- **REQUIREMENT**
In this exercise, copy exactly the lines from the one that contains "Whole Food Organic Fiber, 60 Vegan Capsules Whole" through the end of the entries below; pictures are not copied.

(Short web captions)
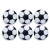 サッカーボール型バッグクリップ6 個セット。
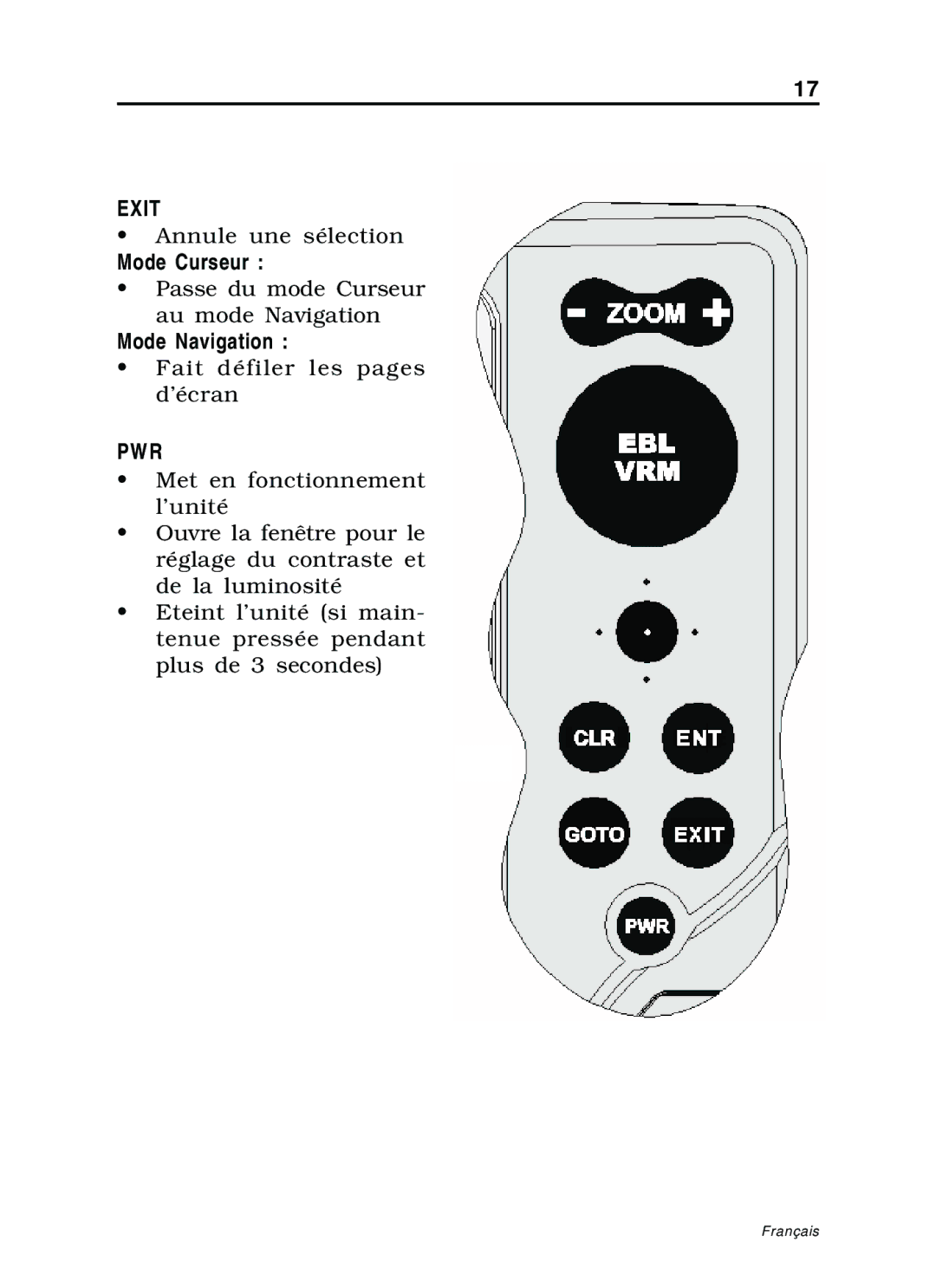 Navionics 11C, 10C manual Annule une sélection 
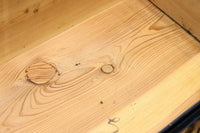 黒漆と繊細な模様入り装飾金具で風情ある挟み箱 DC8766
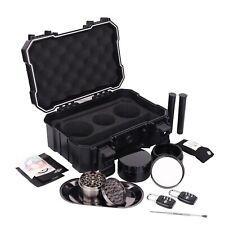 Premium Large Waterproof Stash Box Combo with Lock– Storage Kit with Accessories picture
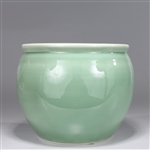 Chinese Celadon Glazed Porcelain Planter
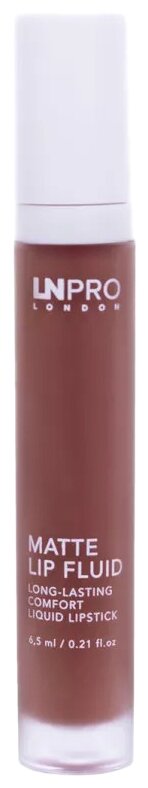 LN-professional Жидкая помада для губ Matte Lip Fluid матовая, оттенок 103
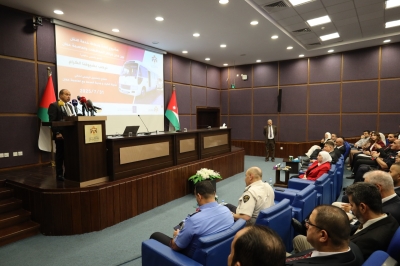 تشغيل رسمي لخطَي عمان - السلط وعمان - الكرك ضمن مشروع ربط العاصمة بالمحافظات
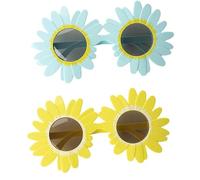 Genérico Art the Clown Sunflower Glasses for Terrifier Costume, Sunflower Daisy Glasses, Adult Halloween Role Play, Multicolor (2pcs-j)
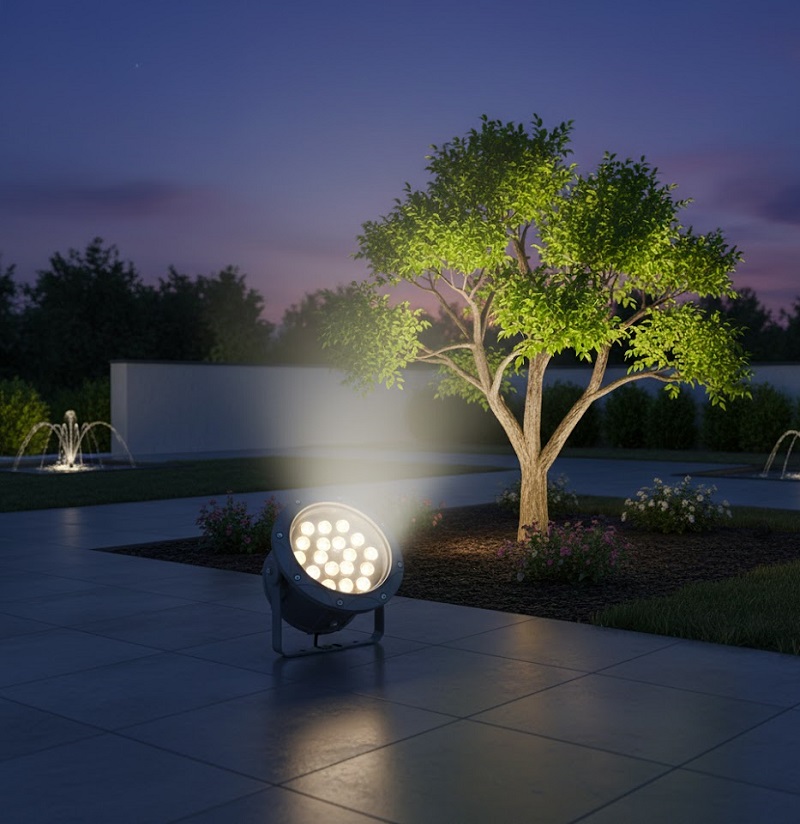 Đèn pha sân vườn FNT04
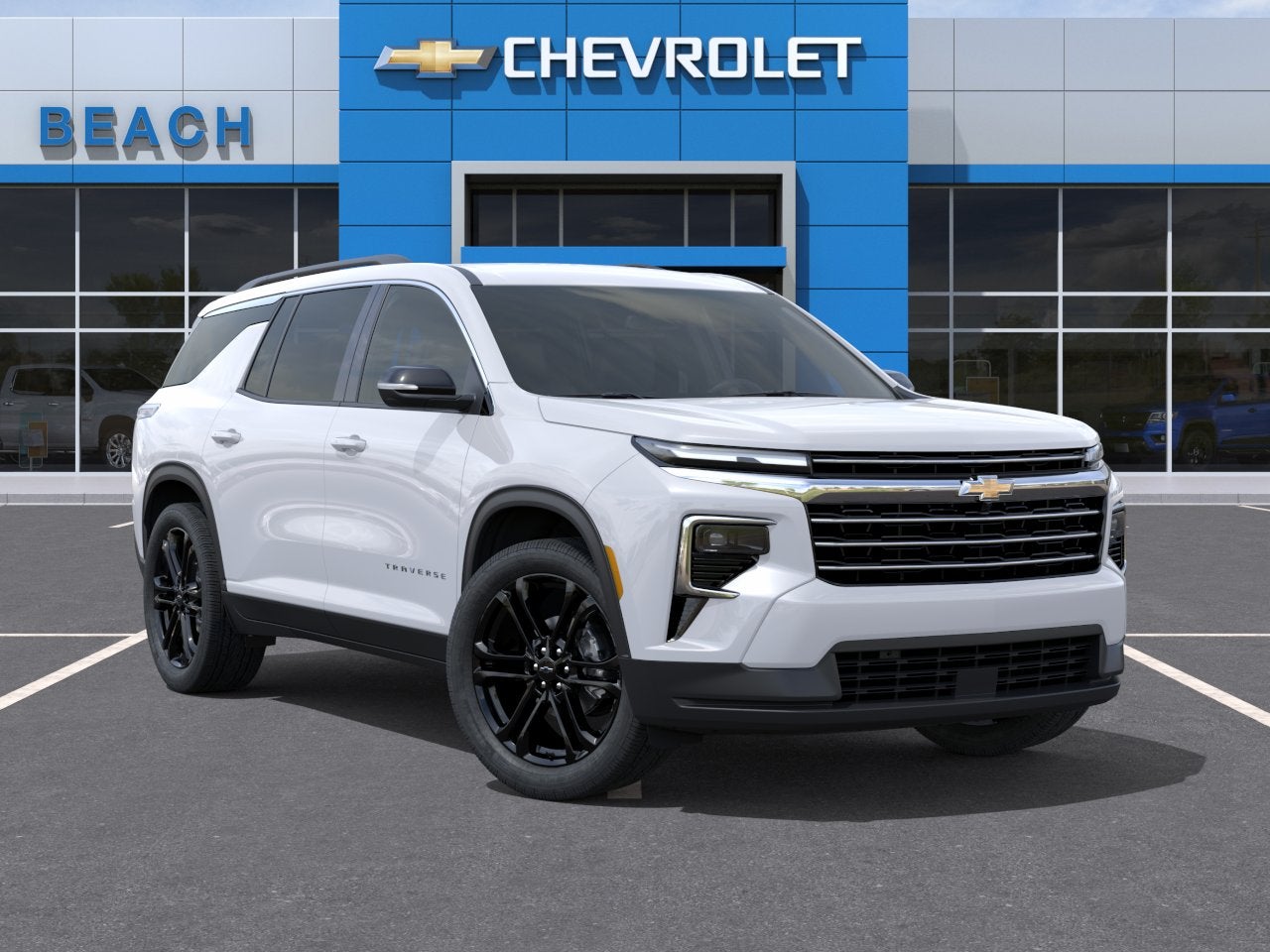 2027 Chevrolet Traverse LT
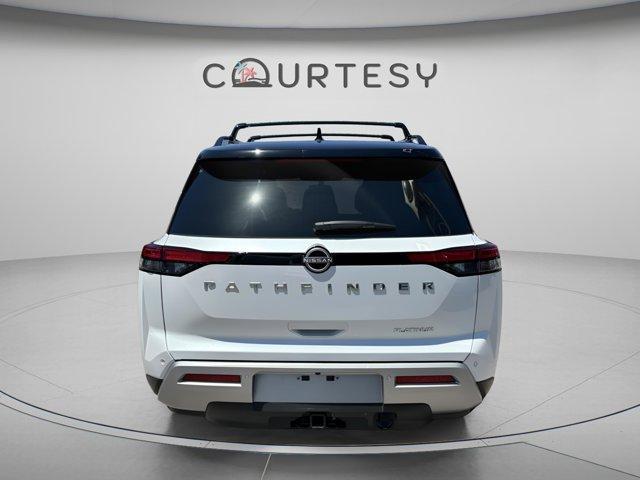 used 2025 Nissan Pathfinder car, priced at $42,452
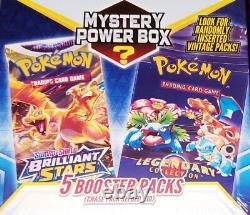 NIP Lot of 3 POKEMON MYSTERY POWER withVINTAGE PACK 110 New & Factorty Sealed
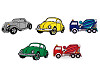 Iron on Patch Car, Tractor, Boat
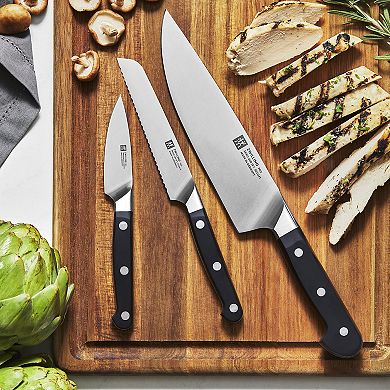Zwilling Pro 3-pc Starter Knife Set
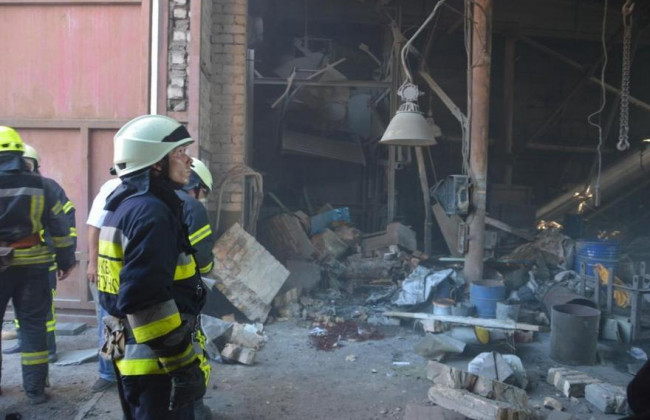 Мощный взрыв потряс Днепр: погибли два человека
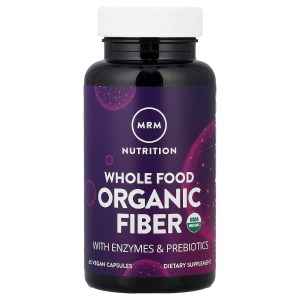Whole Food Organic Fiber, 60 Vegan Capsules Whole Food Organic Fiber, 60 Vegan Capsules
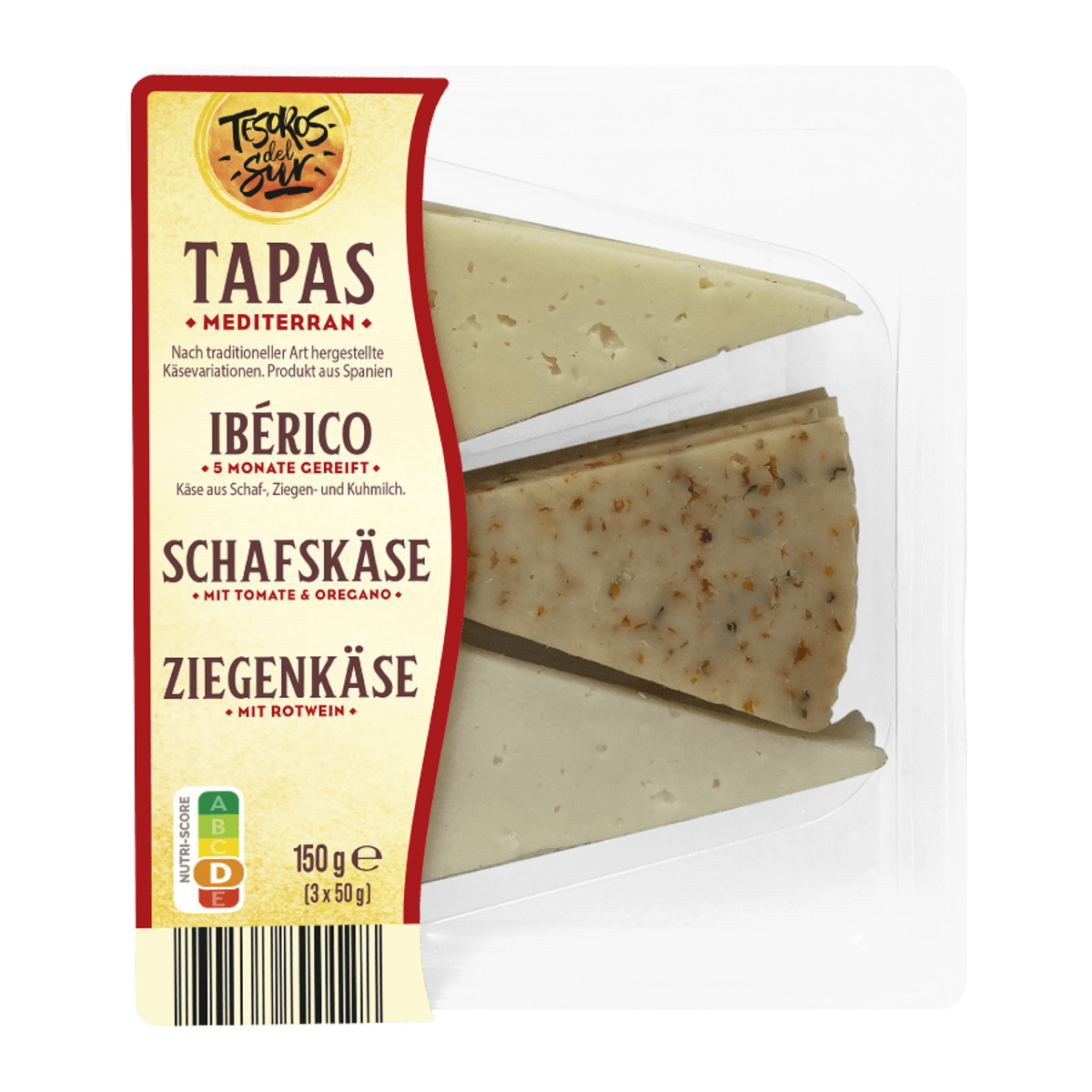 Bild 3 von TESOROS DEL SUR Käse-Tapasplatte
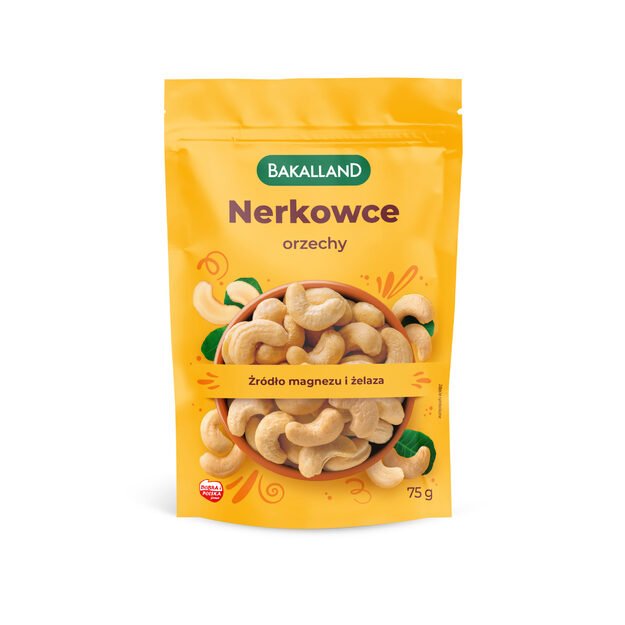 Anakardžiai, BAKALLAND, 75 g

- **ANSWER BOX**
Whole Food Organic Fiber, 60 Vegan Capsules Whole Food Organic Fiber, 60 Vegan Capsules
 Bild 3 von TESOROS DEL SUR Käse-Tapasplatte
 Anakardžiai, BAKALLAND, 75 g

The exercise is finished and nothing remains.